Zur Mittagszeit durch die Münchner Fußgängerzone? Das ist kein Spaß. Da wird gerannt, gerempelt oder aber zu acht nebeneinander hergeschlendert, dass kein Durchkommen ist. Wenn irgend möglich, meidet der Münchner die Touristenmeile um den Marienplatz oder nutzt streng geheime Schleichwege.

"Wir haben einen guten Kader", sagt Trainer Hitzfeld (hinten) und meint damit sicher auch seinen neuen Stürmer (vorne). (Foto: Foto: AP)

Wer neu ist in der Stadt, ist klar im Nachteil. Wie Miroslav Klose. Mitten durch die Theatinerstraße marschierte er zur Praxis von Bayern-Doc Müller-Wohlfahrt in die Fürstenfelderstraße - und wunderte sich, dass sich ein ansehnliches Menschenknäuel um ihn bildete. Spätestens als er kurz darauf im Hotel Vier Jahreszeiten in der Maximilianstraße seinen Vierjahresvertrag unterschrieb, wusste er, dass ein Teil der sicher sehr anständigen Bezahlung auch als eine Art Schmerzensgeld zu sehen ist.

Dass die Münchner Medienlandschaft eine andere ist als die Bremer, wird dem Nationalstürmer nicht ganz fremd gewesen sein. Und doch schien er beim Trainingsauftakt an der Säbener Straße mittelprächtig geschockt von all dem Rummel. Mehr als tausend Menschen sahen die erste Übungseinheit (Basketball zum Aufwärmen!), mehrere Dutzend Journalisten quetschten sich zur Pressekonferenz in den Mini-Medienraum, und als Klose diesen mit Trainer Hitzfeld betrat, passte sein Gesichtsausdruck so gar nicht zu seinen Worten:

"Absolut positiv" sehe er all das, blickte dabei aber wie ein verschrecktes Reh: bodenwärts, wie immer. "Meine Erwartungshaltung ist sehr hoch. Ich will hier Titel sammeln." Klingt gewaltig, kam aber als kaum verständliches Geflüster an. Gleich am zweiten Spieltag nach Bremen? "Je früher, je besser. Da sind die Emotionen noch da. Das wird gut." Und das Zusammenspiel mit Luca Toni? "Wenn wir gesund bleiben und fit sind, wird es nicht viele geben, die uns aufhalten können."

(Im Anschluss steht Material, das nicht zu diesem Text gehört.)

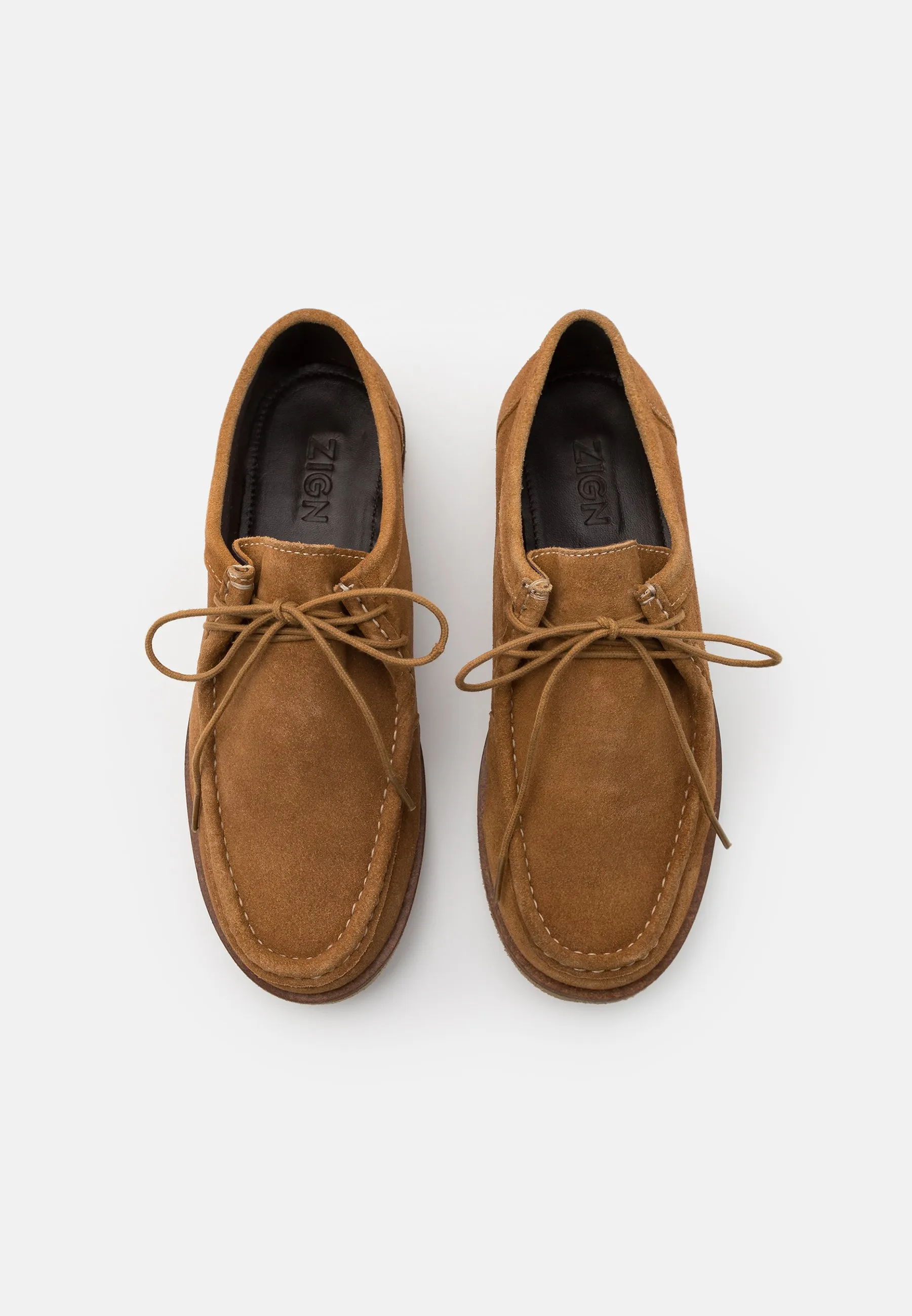 LEATHER - Stringate sportive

Davon gehen Hitzfeld und Hoeneß ebenfalls aus, fordern aber vorweg schon mal Zeit und Geduld ein, bis sich das Team gefunden hat. "Wir haben einen guten Kader", sagte Hitzfeld, "und wir wollen auch die beste Mannschaft sein." Die Saisonziele seien beim FC Bayern "ja sowieso immer die gleichen: möglichst viele Titel holen". Zehn Neue muss er integrieren, zählt dabei auch die beiden Jungen Toni Kroos und Mats Hummels neben all den Stars mit.

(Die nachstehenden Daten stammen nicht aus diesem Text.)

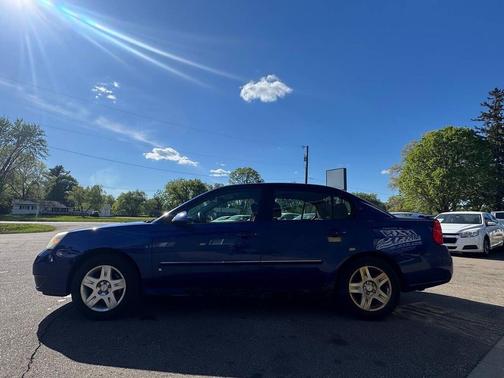 Laser Blue Metallic 2006 Chevrolet Malibu LT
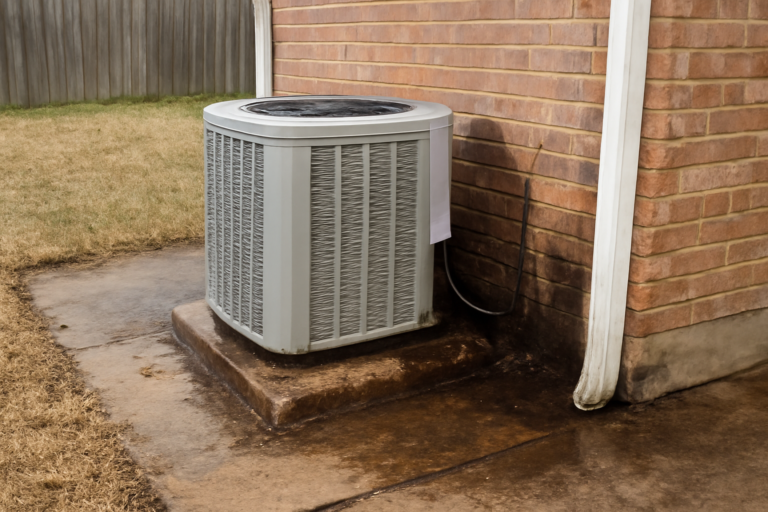 AC Unit Water Removal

Schwierig wird das, aber es war wohl schon mal schlimmer: "Bei meiner ersten Trainerstationen 1983/84 beim Sportclub Zug waren es elf neue Spieler. Eigentlich nur sieben, aber der Präsident hat noch vier dazugekauft - und wollte dann auch noch mitreden. Das war mein schwerstes Jahr."

Erstes Tor mit dem Fuß: Miroslav Klose beim FC Bayern. (Foto: Foto: dpa)

So was wird ihm jetzt nicht mehr passieren, aber spannend wird die Saison schon, das muss auch Hitzfeld zugeben: "Es wird sicher eine der interessantesten Saisons meines Lebens." Gemessen daran, dass er noch vor ein paar Monaten als Teilzeitmoderator müßig ging, hat er da sicherlich Recht.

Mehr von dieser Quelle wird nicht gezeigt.